Thursday, May 17, 2007

Going green is making me see red....

Another house blogger recently blogged about "going green" and it got me thinking. Read that

Going green is making me see red. "Green" seems to be the new buzz word. Building green, greener automobiles, green, green, green. I'm as environmentally friendly as the next person but I have to believe that a lot of this need to go green is nothing more than a marketing ploy that plays on well meaning concerned citizen's guilt about the environment. In the name of going green, normally sensible people buy big /small and cheap/expensive items that they currently do not need. I would rather people fix, recycle, reconfigure, re everything before they jump on the green bandwagon and throw out a perfectly good working item in the name of going green. If everyone in the world immediately went green, we would be up to our eyeballs in perfectly good debris. Going green should be gradual and on a "as needed" timetable. Not a knee jerk reaction to a long overdue problem.

I'm sure there are some people who when they view my home think....hmmmmm...."why don't they replace those old wooden windows with more energy efficient vinyl windows?" or "why did they spend all that time stripping paint off their house when they could have just put up vinyl siding and saved the environment from all that VOC when they paint?" AND of course "why didn't they just tear it down and build new with green products." "They aren't thinking very green!"

I think we are green, sort of a sagey green not avocado green and here is why...........The wooden windows are drafty because they have not been maintained. Once they are stripped of excess paint, re glazed, and weatherstripped they will be good as new. AND I didn't add anything to a landfill. Plus I will use less energy to heat/cool my home now that the windows function as they were originally designed to do.

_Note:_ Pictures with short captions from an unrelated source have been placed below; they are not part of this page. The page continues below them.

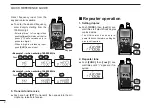 Предварительный просмотр 12 страницы Icom IC-iV85 Instruction Manual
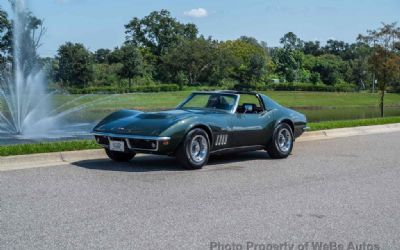 Photo of a 1969 Chevrolet Corvette for sale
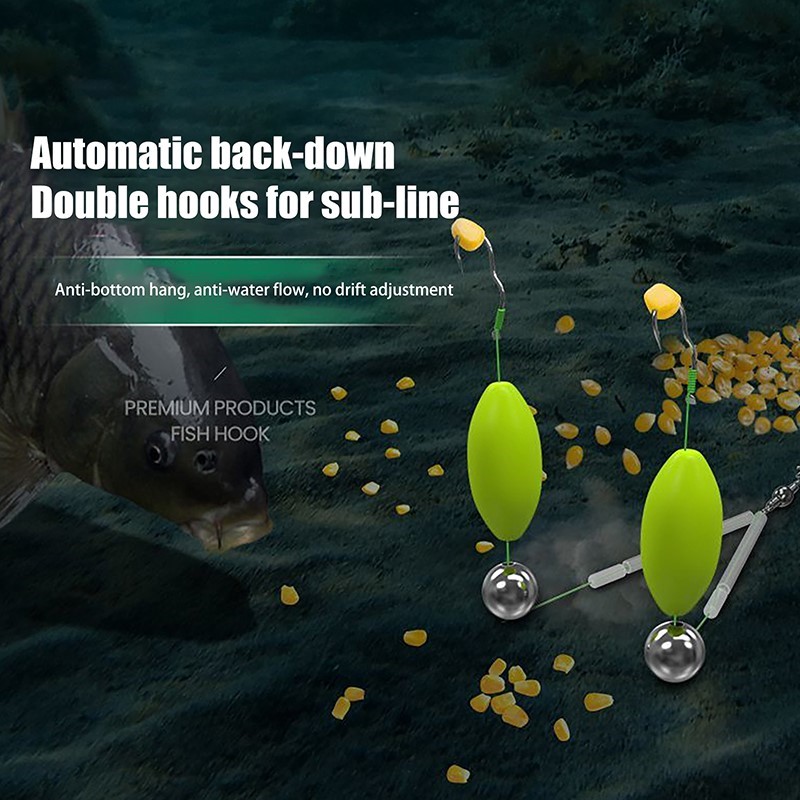 Çift Kancalı Balıkçılık Saç Ta - Fishing Equipment Jet incelemesi ve fiyatı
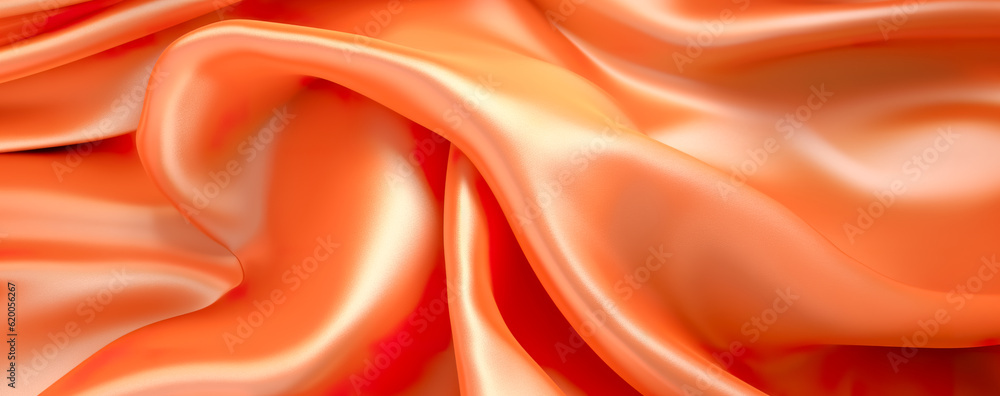 abstract background luxury cloth. Smooth elegant silk can use as wedding background. Generative AI abstract background luxury cloth. Smooth elegant silk can use as wedding background. Generative AI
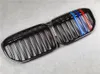 Griglie anteriori da 1 pezzo per BMW Serie 7 G11 G12 Modello in carbonio Materiale ABS Lucido M Colore Paraurti auto Grille1377263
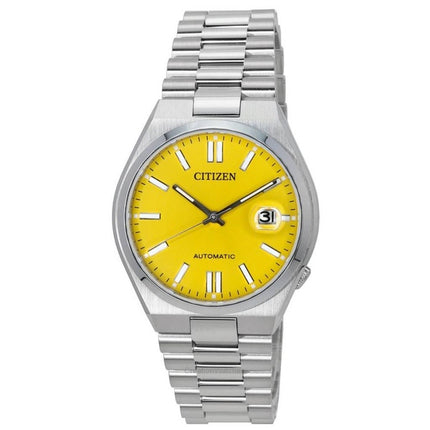 Refurbished Citizen Tsuyosa Stainless Steel Yellow Dial Automatic NJ0150-81Z Men's Watch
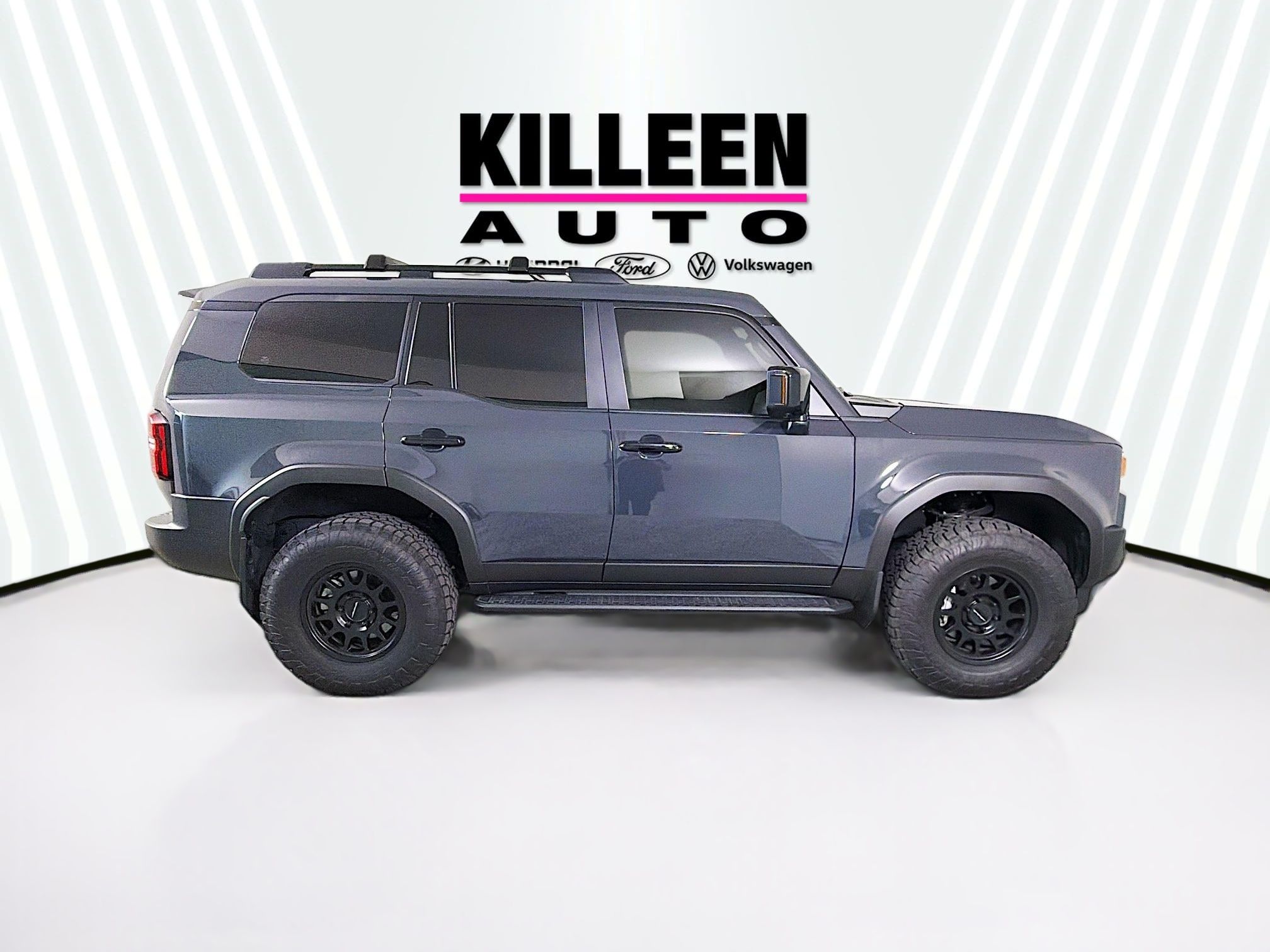 2026 Toyota Land Cruiser Base Gray at Community Toyota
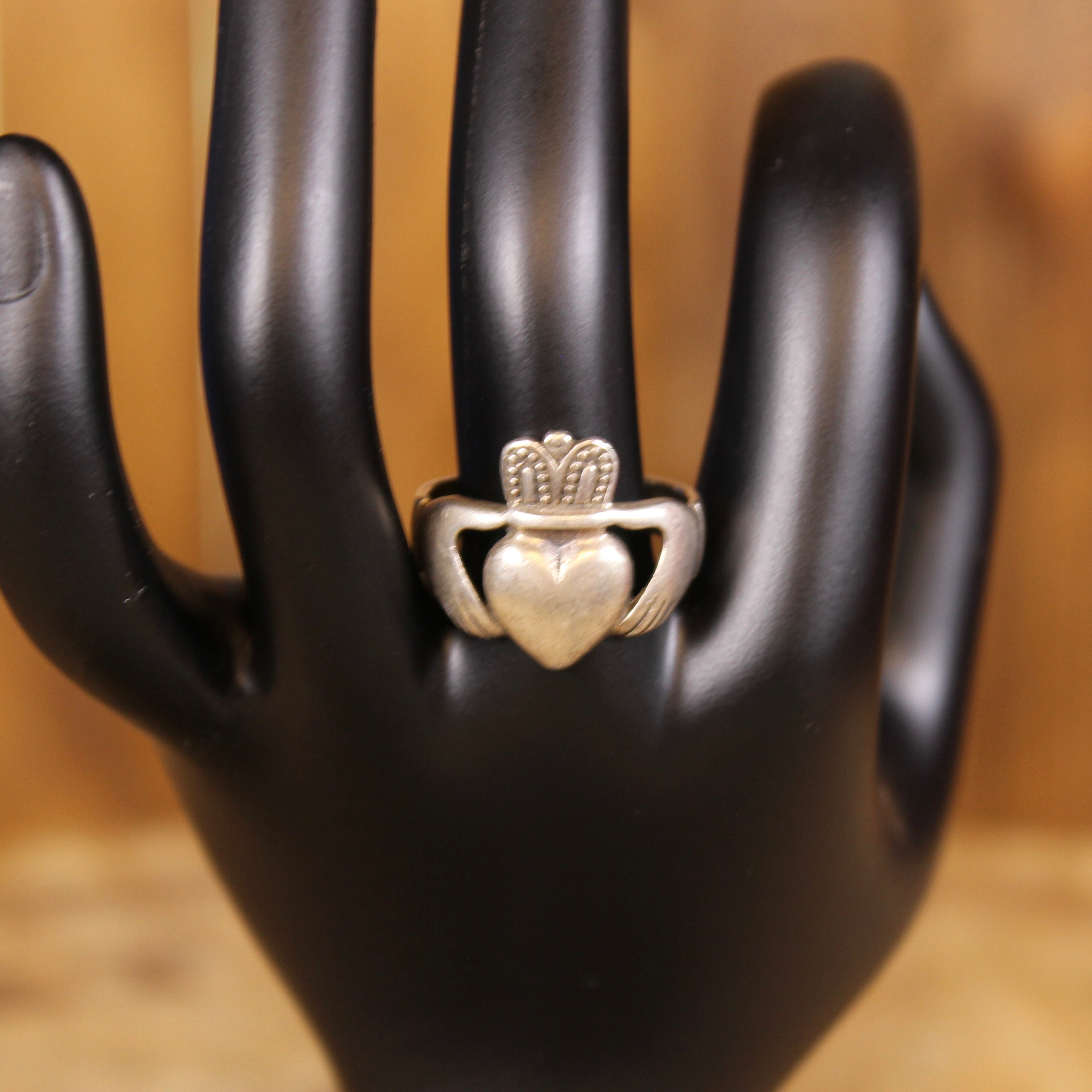 Sterling Silver Claddagh Ring
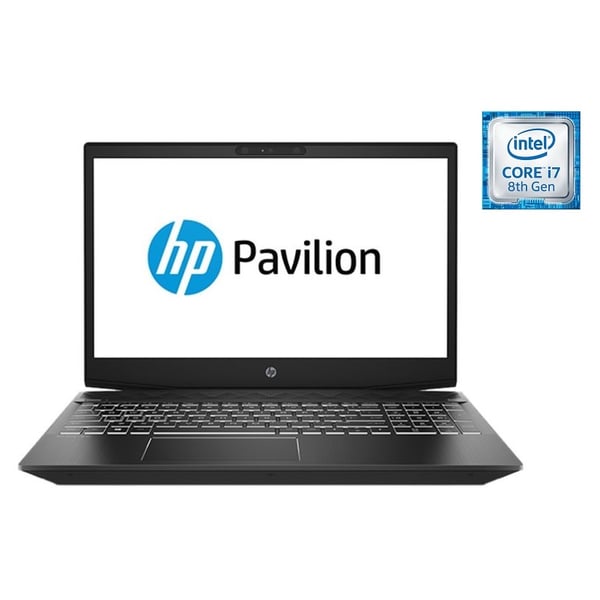 HP Pavilion 15-CX0016NE Laptop With 15.6-Inch Full HD Display, intel core i7-8th Gen,16GB RAM, 512GB SSD (Renewed)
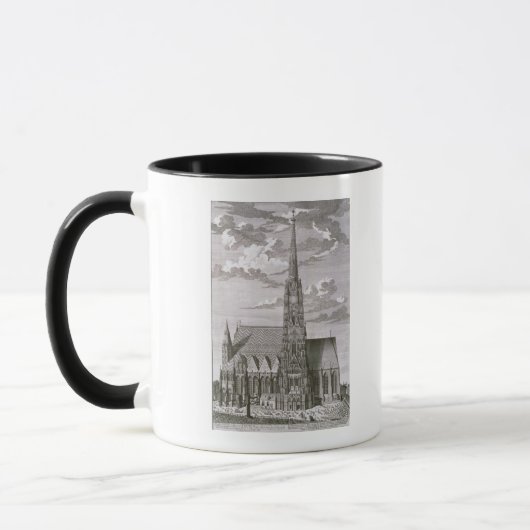 Mug Vue de cathédrale de St Stephan (Gauche)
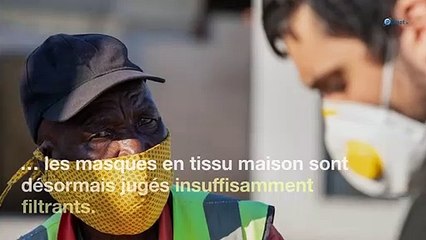 Variants Covid-19 : quels sont les masques de catégorie 1 recommandés ?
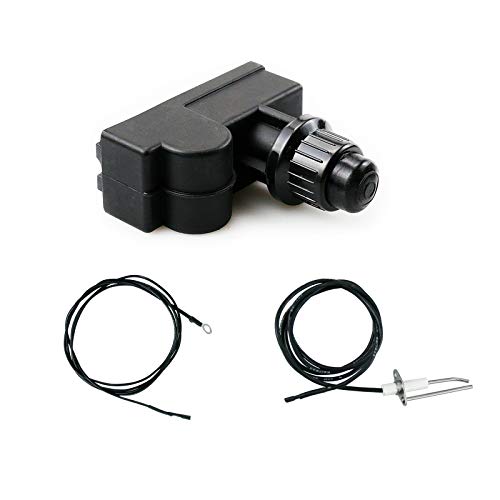 Uniflasy 2 - Outlet Fire Pit Push Button Ignition Kit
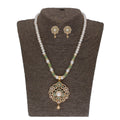 J Pearls Bahgvanti 1 Line Pearl Sets - Real Pearl Jewelry | Grocsy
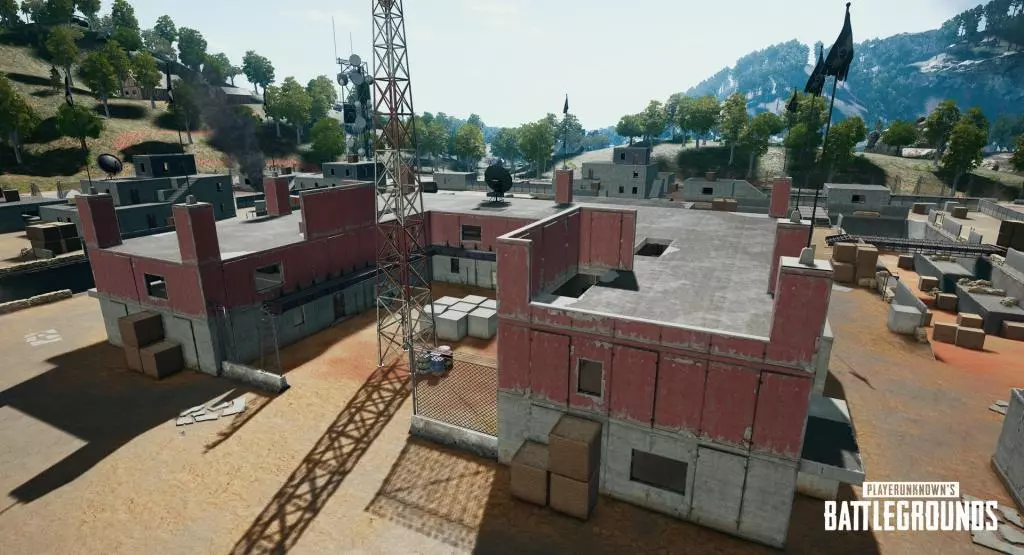 Sanhok, o novo mapa de PUBG já tem sua data de lançamento anunciada centro de treinamento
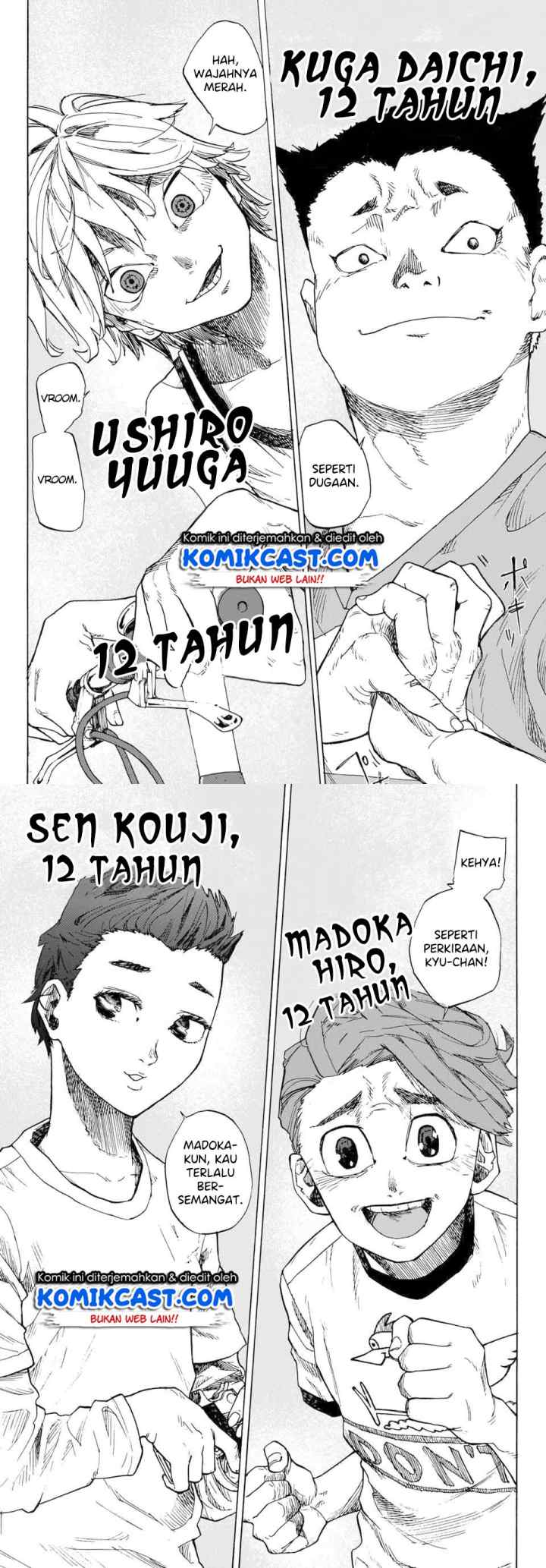 Cross of Six People chapter 1.1 halaman 7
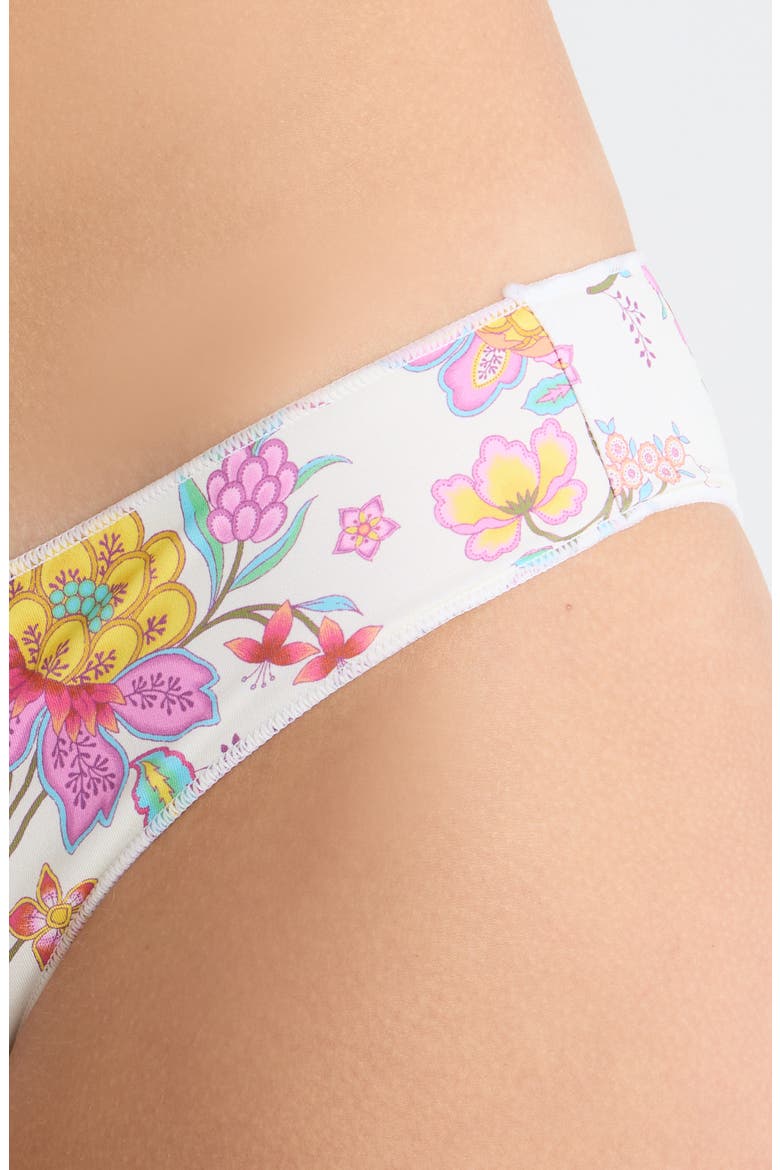 Half Moon Bay Cheeky Bikini Bottoms, Alternate, color, BONE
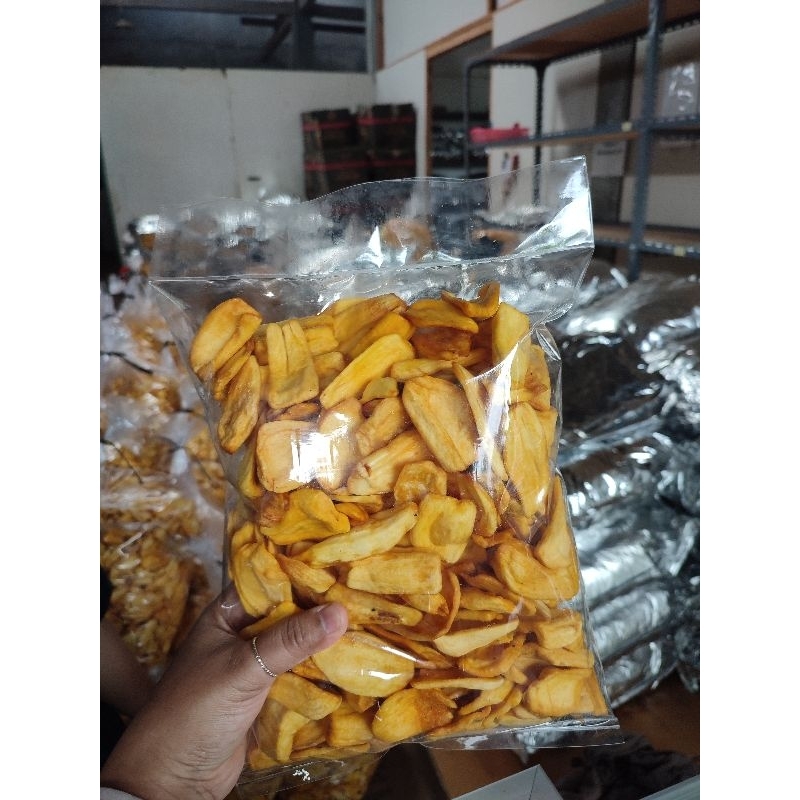 

KERIPIK NANGKA grade B super 500 GRAM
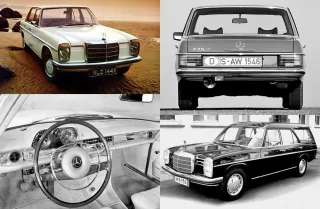 Шукаємо спільний знаменник у різних версій моделі Mercedes E-Class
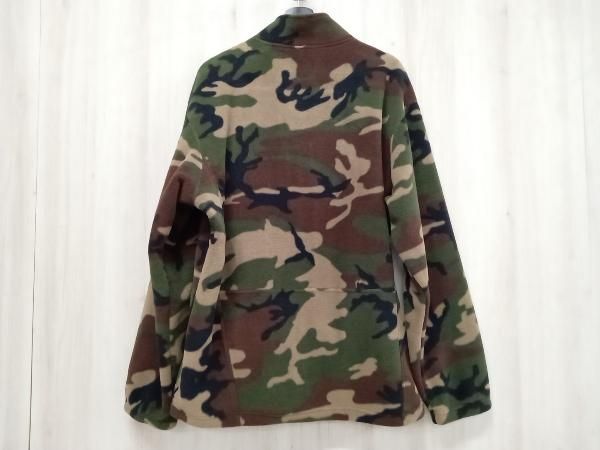 Supreme カモフラージュ ジャケット S 美品タグ付き】Supreme 22AW polartec zip jacket camo シュプリーム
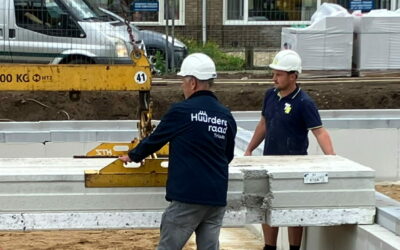 Bouw gestart: 24 levensloopgeschikte huurappartementen aan de Klimopstraat in Epe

The reason I plan to strip the paint off my house and repaint rather than put on vinyl siding is three fold. First, vinyl siding at it's best still looks like plastic, even with the simulated wood grain. Second, vinyl siding doesn't last forever. I see vinyl siding installed in the 80's that needs replacing only after 25 years. On the other hand, my 70 year old cedar siding needs a few shakes replaced and needs a new coat of paint to look as good as it did 70 years ago. Thirdly, (is that a word???) by repainting and not installing vinyl siding I did not add anything to a landfill.
Most older homes would need far less repair if they had not been "improved" upon by previous home owners. That is where the trouble usually begins. Case in point. The back door was originally built without an overhang. No big deal. This is not a door one would use to enter the house during the rain or snow. But somewhere along the line, someone needed to improve upon it, so they built an overhang. First off, it was ugly. Second off, it was useless and not needed. Third off, it collected rain and snow which kept the siding wet, which in turn damaged the plastered wall. I wonder how many times it kept someone dry while using that door? But in the meantime damage was done, that now needs correcting. Cedar siding worked fine until someone decided to improve upon the original design.

Notice the peeling paint above the door in this "after overhang removal" photo.

So far we have had to purchase very little wood to complete our repairs. Whenever we have done any demo, we have been mindful to save usable pieces for later use. Most wood that has gone into the trash was severely splintered and unusable. Cedar siding was removed from the front of the house when the overhang was extended back to it's original design. I am sure that during the 70's they removed that overhang in an attempt to get solar gain and help with heating costs. But I am sure whatever gain they may have gotten was all lost by the solar gain they got during the summer. I prefer to have the extreme evening sun tempered with the overhang the way it was originally designed. But back to the shingles.....I kept all the usable shingles and reused them to replace the rotted shingles around the front door. In true "Yankee" fashion, my father and I scrapped the peeling paint off and just flipped the shingle over. Nothing went into a landfill. Another added bonus besides the fact that it was free and didn't add to a landfill was the fact that the shingles had shrunk all they were going to, so the shingles are still nice and tight up against each other.

Notice the used shingles to the right of the front door. These shingles were removed when the overhang was restored along the front of the house.

Oh and the reason we didn't tear it down and start over is because I like what I like and I like old. New I don't like. So until something is beyond repair I'll continue to use it. If by chance my taste change I'll recycle it. Filling a landfill will be my last resort.